** Opening EXCERPTED RECORDS block **

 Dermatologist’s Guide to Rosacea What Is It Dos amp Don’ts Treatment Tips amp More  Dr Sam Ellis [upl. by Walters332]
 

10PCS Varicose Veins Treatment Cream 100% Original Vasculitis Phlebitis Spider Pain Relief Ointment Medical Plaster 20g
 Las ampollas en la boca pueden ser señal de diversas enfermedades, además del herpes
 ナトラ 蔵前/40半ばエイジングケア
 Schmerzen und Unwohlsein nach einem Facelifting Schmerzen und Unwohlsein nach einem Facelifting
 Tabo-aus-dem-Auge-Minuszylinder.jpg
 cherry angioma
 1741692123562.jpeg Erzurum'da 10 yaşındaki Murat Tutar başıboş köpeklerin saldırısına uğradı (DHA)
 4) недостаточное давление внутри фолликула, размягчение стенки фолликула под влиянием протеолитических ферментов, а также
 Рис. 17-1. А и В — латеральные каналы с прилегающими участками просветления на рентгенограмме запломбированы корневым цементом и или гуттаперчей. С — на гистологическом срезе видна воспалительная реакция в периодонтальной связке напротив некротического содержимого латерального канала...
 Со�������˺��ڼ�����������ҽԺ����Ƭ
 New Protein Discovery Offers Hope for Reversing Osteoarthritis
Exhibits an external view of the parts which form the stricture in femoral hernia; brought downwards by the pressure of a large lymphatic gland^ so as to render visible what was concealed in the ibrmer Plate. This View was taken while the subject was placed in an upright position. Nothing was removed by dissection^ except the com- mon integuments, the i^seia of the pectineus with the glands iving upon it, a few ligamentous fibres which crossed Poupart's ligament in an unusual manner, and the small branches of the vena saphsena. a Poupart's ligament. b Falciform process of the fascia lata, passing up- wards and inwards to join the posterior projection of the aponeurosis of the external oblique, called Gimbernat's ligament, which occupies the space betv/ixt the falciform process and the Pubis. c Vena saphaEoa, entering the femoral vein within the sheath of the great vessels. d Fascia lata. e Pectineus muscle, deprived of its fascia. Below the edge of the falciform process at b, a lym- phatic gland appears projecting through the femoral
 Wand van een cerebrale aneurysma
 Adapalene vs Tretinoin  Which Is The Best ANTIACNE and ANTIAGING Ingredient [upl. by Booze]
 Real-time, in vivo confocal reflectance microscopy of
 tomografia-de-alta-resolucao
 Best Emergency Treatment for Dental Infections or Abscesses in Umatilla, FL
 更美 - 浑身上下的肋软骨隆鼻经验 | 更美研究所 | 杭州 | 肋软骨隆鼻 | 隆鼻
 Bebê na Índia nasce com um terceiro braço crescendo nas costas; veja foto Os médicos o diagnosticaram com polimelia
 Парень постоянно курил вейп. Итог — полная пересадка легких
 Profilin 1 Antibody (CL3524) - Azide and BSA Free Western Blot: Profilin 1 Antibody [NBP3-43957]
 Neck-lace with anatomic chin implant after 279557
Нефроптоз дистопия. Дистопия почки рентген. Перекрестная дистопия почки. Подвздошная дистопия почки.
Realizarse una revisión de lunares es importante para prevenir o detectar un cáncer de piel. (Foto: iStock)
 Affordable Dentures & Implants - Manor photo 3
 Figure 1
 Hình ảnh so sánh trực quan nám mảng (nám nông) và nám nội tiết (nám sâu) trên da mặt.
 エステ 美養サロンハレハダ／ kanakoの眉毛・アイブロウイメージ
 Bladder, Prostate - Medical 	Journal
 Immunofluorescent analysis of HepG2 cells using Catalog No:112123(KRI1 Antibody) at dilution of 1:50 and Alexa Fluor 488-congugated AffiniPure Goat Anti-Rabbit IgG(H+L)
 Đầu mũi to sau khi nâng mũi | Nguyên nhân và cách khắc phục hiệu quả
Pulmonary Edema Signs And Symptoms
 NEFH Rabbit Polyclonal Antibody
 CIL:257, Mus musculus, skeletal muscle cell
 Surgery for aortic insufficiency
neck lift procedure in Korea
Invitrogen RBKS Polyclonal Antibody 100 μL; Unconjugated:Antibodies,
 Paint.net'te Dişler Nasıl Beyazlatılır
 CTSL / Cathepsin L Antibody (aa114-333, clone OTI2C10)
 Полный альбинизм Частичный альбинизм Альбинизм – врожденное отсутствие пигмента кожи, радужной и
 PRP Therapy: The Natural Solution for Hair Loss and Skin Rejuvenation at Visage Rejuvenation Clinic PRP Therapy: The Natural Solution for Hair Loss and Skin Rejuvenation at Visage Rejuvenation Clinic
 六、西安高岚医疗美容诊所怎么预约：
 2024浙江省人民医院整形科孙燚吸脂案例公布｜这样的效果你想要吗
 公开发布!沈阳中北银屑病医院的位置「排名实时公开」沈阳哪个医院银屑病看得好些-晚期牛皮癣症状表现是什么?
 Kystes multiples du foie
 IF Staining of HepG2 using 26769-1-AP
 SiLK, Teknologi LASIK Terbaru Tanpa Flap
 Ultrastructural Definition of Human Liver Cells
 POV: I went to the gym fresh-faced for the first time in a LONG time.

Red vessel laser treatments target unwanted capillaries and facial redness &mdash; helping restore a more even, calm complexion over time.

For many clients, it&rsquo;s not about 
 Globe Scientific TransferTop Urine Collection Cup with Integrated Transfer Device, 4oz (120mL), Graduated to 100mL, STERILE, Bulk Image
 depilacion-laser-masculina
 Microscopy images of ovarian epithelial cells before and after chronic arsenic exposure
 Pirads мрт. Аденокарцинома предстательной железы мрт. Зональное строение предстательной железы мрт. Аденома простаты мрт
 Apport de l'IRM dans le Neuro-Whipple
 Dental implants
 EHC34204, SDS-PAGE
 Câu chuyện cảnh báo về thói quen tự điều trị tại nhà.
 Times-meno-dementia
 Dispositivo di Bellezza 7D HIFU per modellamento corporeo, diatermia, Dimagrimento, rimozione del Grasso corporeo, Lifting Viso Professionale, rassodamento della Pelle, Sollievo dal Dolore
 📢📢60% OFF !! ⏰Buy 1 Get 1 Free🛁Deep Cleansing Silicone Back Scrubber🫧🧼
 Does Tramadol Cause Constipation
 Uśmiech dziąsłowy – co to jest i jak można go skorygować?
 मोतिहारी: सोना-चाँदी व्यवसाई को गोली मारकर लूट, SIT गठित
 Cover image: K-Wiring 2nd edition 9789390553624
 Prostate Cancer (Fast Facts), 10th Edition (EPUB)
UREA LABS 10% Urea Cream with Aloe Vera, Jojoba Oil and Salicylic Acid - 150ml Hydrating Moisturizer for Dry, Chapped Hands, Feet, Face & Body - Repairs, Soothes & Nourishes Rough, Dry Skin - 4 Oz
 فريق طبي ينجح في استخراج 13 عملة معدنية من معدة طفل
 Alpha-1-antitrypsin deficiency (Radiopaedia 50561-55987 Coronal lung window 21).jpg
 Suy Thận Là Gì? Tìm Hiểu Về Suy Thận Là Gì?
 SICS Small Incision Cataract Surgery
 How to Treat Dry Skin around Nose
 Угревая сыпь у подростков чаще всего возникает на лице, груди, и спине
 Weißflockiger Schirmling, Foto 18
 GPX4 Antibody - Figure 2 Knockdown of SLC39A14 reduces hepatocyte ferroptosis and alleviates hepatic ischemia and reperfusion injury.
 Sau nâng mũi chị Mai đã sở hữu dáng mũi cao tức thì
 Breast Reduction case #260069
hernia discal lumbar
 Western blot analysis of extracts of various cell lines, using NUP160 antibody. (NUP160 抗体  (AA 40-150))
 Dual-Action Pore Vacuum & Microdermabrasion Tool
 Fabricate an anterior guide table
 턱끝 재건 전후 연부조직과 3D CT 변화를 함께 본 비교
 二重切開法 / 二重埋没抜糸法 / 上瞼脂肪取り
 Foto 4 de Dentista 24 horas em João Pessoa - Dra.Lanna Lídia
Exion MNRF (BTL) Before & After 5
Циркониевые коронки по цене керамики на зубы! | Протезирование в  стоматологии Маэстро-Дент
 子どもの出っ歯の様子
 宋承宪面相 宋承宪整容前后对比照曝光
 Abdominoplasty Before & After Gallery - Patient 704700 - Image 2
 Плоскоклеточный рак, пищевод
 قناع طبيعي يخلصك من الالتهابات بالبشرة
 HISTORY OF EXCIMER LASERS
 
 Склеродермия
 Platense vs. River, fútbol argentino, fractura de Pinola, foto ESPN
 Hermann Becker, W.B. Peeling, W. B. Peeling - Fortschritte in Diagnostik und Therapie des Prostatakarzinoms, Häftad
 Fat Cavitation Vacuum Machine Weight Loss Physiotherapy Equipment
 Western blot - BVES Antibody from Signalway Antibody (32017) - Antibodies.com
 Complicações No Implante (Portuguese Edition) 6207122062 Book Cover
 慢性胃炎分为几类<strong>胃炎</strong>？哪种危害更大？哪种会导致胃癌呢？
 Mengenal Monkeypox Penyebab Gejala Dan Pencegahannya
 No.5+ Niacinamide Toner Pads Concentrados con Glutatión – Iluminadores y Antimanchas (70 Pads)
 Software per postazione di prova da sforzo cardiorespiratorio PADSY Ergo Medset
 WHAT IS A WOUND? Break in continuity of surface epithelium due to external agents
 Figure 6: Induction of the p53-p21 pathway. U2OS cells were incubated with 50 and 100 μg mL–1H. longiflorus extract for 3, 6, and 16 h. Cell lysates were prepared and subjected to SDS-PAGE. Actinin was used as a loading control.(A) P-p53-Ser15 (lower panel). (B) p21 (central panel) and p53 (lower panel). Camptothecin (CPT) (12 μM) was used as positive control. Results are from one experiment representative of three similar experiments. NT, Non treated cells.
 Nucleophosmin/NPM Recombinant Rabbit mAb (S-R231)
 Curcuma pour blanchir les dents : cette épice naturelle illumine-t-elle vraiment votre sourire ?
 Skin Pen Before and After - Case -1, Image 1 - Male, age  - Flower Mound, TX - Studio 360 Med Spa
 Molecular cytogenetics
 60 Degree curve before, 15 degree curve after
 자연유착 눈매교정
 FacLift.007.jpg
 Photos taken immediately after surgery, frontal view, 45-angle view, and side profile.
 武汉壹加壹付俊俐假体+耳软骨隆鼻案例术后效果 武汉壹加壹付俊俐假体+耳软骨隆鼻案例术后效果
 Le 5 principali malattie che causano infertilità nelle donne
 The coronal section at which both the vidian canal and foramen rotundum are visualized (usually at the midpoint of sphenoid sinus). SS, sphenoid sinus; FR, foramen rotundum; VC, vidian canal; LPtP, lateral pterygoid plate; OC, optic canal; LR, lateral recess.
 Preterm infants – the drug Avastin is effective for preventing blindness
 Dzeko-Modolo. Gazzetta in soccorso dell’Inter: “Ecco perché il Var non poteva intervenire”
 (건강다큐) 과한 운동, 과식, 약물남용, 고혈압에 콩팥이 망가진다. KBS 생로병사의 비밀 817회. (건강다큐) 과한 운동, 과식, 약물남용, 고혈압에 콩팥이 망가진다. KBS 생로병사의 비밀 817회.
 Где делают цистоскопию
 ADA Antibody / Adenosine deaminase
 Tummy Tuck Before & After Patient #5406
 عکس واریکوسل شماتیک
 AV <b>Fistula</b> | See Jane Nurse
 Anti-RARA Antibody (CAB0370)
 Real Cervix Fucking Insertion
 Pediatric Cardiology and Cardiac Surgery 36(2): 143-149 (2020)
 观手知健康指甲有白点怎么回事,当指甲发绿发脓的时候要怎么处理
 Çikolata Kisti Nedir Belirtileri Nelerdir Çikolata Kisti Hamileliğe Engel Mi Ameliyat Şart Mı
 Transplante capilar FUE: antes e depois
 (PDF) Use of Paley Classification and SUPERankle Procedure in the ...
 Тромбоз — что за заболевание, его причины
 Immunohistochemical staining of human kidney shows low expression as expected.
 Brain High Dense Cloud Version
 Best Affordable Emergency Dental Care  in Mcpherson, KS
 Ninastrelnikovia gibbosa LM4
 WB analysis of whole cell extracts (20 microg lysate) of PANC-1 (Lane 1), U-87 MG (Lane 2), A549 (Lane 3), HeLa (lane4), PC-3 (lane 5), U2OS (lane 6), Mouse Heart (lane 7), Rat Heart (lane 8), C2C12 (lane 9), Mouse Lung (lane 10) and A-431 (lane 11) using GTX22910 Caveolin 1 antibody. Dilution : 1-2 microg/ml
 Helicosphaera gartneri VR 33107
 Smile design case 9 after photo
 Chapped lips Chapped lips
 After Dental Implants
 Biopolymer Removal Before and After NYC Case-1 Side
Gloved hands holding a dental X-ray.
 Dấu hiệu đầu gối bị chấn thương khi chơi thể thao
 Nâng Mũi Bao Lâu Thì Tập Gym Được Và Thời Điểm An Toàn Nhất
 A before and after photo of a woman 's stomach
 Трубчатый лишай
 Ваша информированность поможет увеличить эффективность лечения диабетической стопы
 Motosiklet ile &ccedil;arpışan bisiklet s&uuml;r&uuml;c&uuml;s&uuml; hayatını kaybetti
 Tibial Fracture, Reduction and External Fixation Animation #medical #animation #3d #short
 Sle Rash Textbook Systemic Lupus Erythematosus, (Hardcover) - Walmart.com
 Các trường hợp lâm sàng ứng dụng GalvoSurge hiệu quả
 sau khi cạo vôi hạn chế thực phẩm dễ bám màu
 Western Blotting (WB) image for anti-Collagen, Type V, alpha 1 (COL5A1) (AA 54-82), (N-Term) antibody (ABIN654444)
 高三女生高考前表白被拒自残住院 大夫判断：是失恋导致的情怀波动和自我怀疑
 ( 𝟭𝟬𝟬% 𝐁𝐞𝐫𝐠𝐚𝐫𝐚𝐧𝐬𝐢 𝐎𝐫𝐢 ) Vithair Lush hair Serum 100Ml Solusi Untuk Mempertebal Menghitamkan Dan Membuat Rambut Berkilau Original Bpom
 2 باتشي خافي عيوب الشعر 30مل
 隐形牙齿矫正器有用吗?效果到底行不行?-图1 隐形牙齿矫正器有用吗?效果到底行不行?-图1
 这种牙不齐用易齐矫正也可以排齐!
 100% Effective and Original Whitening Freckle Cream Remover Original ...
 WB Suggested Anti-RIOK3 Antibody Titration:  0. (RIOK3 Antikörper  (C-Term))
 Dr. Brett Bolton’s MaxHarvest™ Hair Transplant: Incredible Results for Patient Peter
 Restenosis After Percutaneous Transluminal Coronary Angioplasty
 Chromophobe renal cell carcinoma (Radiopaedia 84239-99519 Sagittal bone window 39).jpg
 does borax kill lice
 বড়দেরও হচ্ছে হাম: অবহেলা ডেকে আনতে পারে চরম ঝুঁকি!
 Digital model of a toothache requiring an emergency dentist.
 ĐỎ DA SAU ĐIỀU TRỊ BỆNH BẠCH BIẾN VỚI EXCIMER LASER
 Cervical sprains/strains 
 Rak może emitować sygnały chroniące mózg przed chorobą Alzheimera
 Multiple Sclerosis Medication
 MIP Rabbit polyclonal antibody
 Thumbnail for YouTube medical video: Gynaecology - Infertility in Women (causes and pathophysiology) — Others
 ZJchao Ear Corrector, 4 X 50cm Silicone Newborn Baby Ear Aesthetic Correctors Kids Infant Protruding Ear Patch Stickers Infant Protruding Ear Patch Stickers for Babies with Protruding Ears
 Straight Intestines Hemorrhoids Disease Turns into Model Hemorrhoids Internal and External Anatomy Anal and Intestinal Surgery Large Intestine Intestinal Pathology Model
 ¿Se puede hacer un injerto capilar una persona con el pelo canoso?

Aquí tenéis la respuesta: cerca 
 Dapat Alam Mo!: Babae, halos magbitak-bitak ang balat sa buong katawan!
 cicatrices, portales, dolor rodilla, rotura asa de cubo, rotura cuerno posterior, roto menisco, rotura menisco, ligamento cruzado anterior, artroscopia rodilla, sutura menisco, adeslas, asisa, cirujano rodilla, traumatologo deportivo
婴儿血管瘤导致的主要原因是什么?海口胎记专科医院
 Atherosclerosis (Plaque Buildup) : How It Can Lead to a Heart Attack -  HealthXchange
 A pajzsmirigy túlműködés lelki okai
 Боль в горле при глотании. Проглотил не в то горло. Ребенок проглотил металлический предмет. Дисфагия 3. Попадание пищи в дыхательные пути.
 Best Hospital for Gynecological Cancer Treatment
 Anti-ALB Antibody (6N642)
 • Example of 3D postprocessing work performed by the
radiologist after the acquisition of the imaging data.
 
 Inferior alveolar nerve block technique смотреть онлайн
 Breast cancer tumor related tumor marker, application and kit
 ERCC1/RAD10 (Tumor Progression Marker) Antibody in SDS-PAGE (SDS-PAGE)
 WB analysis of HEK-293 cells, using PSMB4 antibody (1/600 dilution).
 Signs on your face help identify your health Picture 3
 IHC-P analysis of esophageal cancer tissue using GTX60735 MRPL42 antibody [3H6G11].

** Closing EXCERPTED RECORDS block **

[TRY IT] Your answer must be the lines above from the one containing "婴儿血管瘤导致的主要原因是什么?海口胎记专科医院" to the one containing "Inferior alveolar nerve", both included, restated word for word.

[ANSWER FOR THE TASK]
婴儿血管瘤导致的主要原因是什么?海口胎记专科医院
 Atherosclerosis (Plaque Buildup) : How It Can Lead to a Heart Attack -  HealthXchange
 A pajzsmirigy túlműködés lelki okai
 Боль в горле при глотании. Проглотил не в то горло. Ребенок проглотил металлический предмет. Дисфагия 3. Попадание пищи в дыхательные пути.
 Best Hospital for Gynecological Cancer Treatment
 Anti-ALB Antibody (6N642)
 • Example of 3D postprocessing work performed by the
radiologist after the acquisition of the imaging data.
 
 Inferior alveolar nerve block technique смотреть онлайн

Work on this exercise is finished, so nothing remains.